What needs to be done ->
Could you please return each line of the data that has the word "with"?

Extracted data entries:
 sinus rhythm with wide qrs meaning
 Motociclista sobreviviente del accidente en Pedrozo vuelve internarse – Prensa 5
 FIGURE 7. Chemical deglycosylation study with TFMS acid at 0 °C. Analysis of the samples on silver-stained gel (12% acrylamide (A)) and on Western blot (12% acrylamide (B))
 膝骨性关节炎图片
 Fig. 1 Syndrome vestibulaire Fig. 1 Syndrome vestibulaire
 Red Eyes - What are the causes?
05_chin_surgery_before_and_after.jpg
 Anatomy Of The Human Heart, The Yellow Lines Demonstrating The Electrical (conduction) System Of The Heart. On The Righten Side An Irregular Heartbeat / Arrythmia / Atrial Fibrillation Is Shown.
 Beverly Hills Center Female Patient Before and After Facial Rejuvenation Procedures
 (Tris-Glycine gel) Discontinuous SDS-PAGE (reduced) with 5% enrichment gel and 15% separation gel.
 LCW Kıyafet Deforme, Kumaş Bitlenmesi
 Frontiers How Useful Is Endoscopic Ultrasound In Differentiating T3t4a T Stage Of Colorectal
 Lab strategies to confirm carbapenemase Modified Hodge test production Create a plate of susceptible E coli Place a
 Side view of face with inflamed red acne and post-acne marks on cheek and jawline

Answer ->
 sinus rhythm with wide qrs meaning
 FIGURE 7. Chemical deglycosylation study with TFMS acid at 0 °C. Analysis of the samples on silver-stained gel (12% acrylamide (A)) and on Western blot (12% acrylamide (B))
 (Tris-Glycine gel) Discontinuous SDS-PAGE (reduced) with 5% enrichment gel and 15% separation gel.
 Side view of face with inflamed red acne and post-acne marks on cheek and jawline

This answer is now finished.